▶ **REQUIRED WORK**:
Among the records that follow, find the line with "Тумба Cezares Bellagio" and the line with "Candy by the word love Stock Illustration". Set down those lines and all lines between them exactly, without adding anything.

▶ **DATA FOR THIS TASK**:

◇ ◇ ◇ ◇ ◇ ◇ ◇

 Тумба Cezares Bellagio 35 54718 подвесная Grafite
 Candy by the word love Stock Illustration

◇ ◇ ◇ ◇ ◇ ◇ ◇

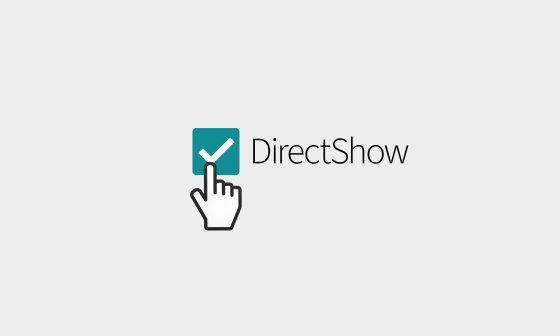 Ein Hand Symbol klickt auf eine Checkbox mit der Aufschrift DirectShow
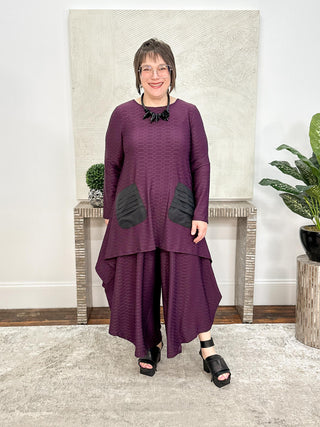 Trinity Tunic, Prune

◇ ◇ ◇ ◇ ◇ ◇ ◇

▶ **THE COMPLETED TASK**:
 Тумба Cezares Bellagio 35 54718 подвесная Grafite
 Candy by the word love Stock Illustration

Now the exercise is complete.